One of the reasons given is a fear that it will embolden radicals in the Middle East and cause them to retaliate, attack, or otherwise really not like us. Who knows? They may even burn a flag or two. This reasoning holds no water. Anyone who viewed Bin Laden as a Muslim leader in the first place is already no friend of the United States and probably doesn't need to see a photo to want us all dead.
The photo is making it's rounds in the United States Congress as of this writing. For what purpose? One would assume that the individuals we elected feel a need to see the photo for their own personal confirmation. Like a wake at a funeral except with less crying. This is an understandable desire and one in which the President of the United States has decided the rest of us cannot have fulfilled.
One would hope that while President Obama is applying moral equivalencies to the situation that at least our own GOP would be wiser. Apparently some, like GOP House Intel Chairman Mike Rogers, are not.
“Imagine how the American people would react if Al Qaeda killed one of our troops or military leaders, and put photos of the body on the internet,”
Jimmie Bise has the go-to piece for taking down this flawed way of thinking.
Once again, the concern is for the enemy.
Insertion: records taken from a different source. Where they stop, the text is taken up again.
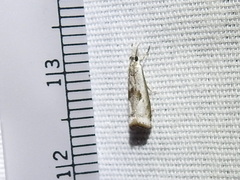 Microcrambus croesus
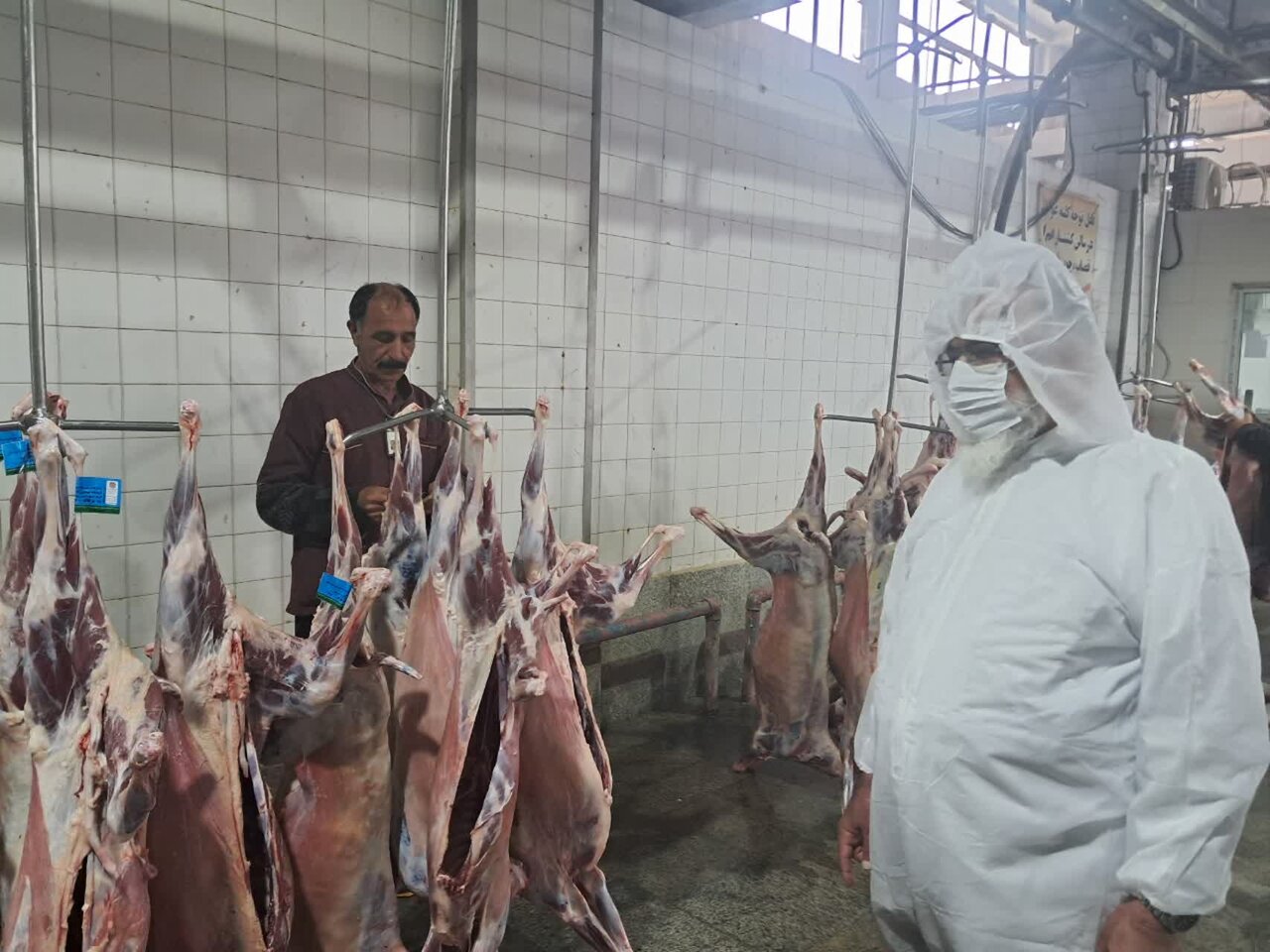 بازدید امام جمعه بخش برزک از کشتارگاه صنعتی دام کاشان+تصاویر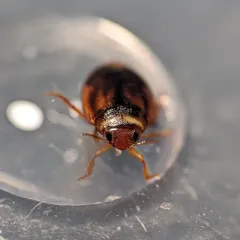 Say's Diving Beetle thumbnail 4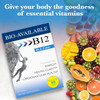 Wellgenix Bio Available Sublingual B12-60ct (2 Pack)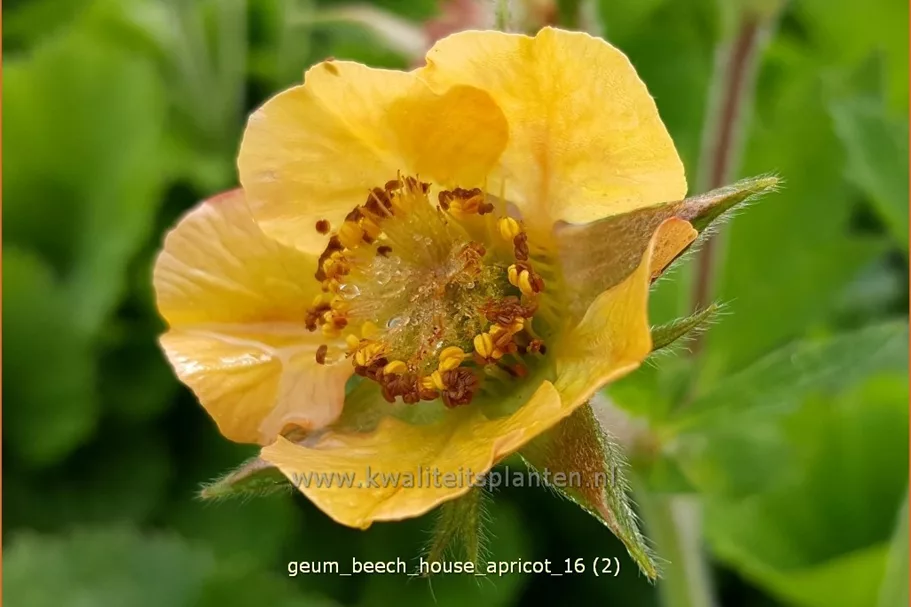 Geum rivale 'Beech House Apricot'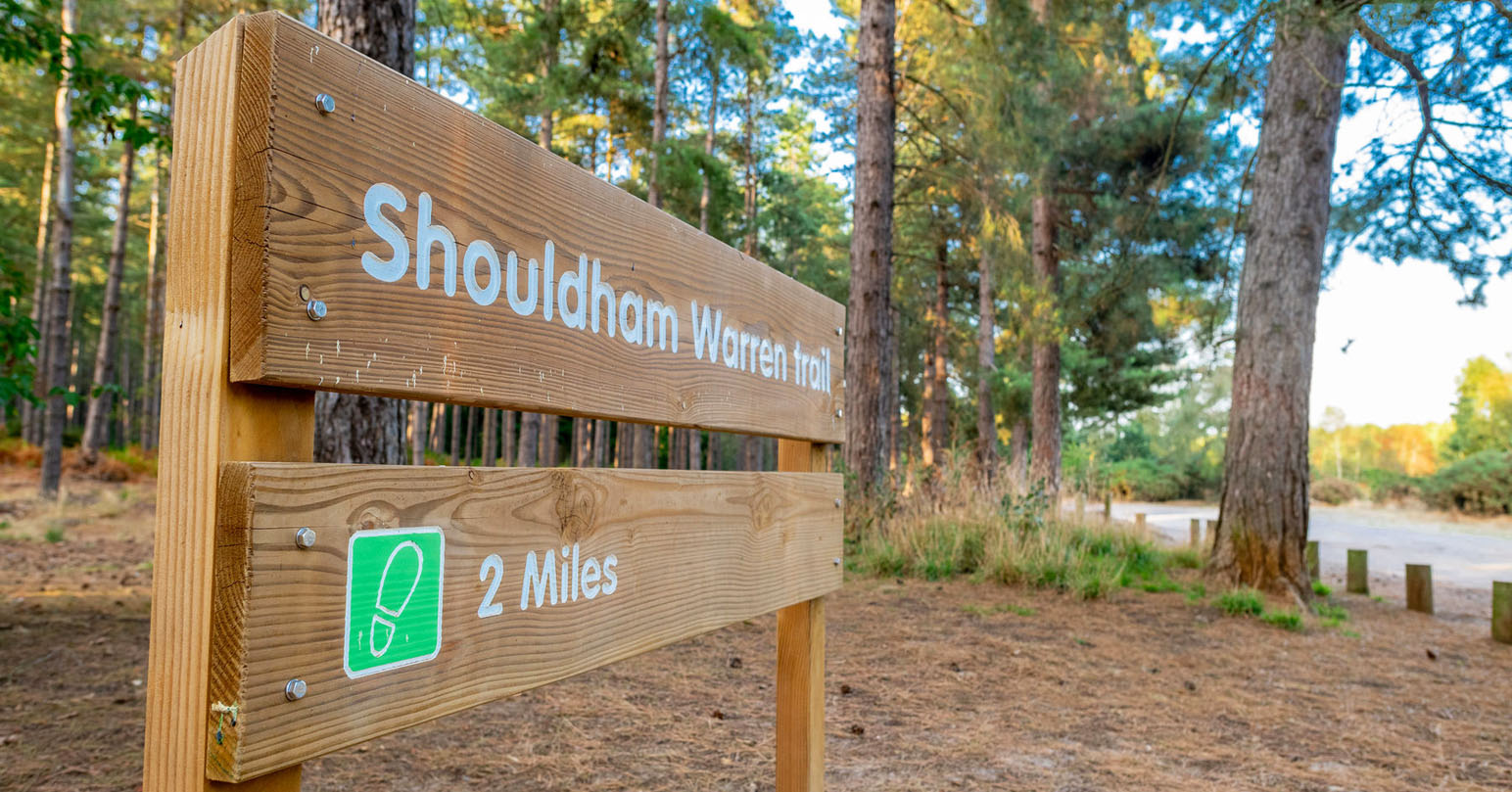 A wooden sign reading "Shouldham Warren 2 Miles" in Shouldham Warren woodland, west Norfolk.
No I'm not saying all Muslims are the enemy. But we've been told over and over that the moderate Muslims are on our side and just as horrified at the events of 9-11 as we are. That being the case, it should be completely understandable that we need personal confirmation and closure here, just as we understood the same about Saddam Hussein and the need for the Iraqi people to have visual confirmation.
Anyone who claims that this is some type of "death porn" desire by myself and others is missing the point. Anyone who claims that it's to settle wild conspiracy theories is purposefully distracting from the point. This is about the people in this country that have a need to see what they have been waiting 10 years to see. The orchestrator of an American nightmare dead, and no longer in a position to inflict harm on us. But more importantly, getting to literally see that justice was served.
But to this administration, and apparently to Rep. Rogers, our needs have to take a back seat. We need to make sure that the Muslims that idolized this monster get closure by providing them with a fully compliant funeral within 24 hours of the kill. The media gets their closure because their narrative is complete: President Obama succeeds where President Bush fails. The President himself gets closure because, unlike us, he saw the photo and confirmed with his own eyes and by his own adult decision to look, that Usama was dead.
But the biggest closure goes to Al Qaeda. They were able to witness an administration that is so petrified of upsetting them that they would sooner give an honorable funeral to a mass murderer than provide a simple photo to help close the darkest chapter in American history.
And I can't speak for you, but that feeling of unity I mentioned at the beginning of this writing? It's gone. And it didn't have to be.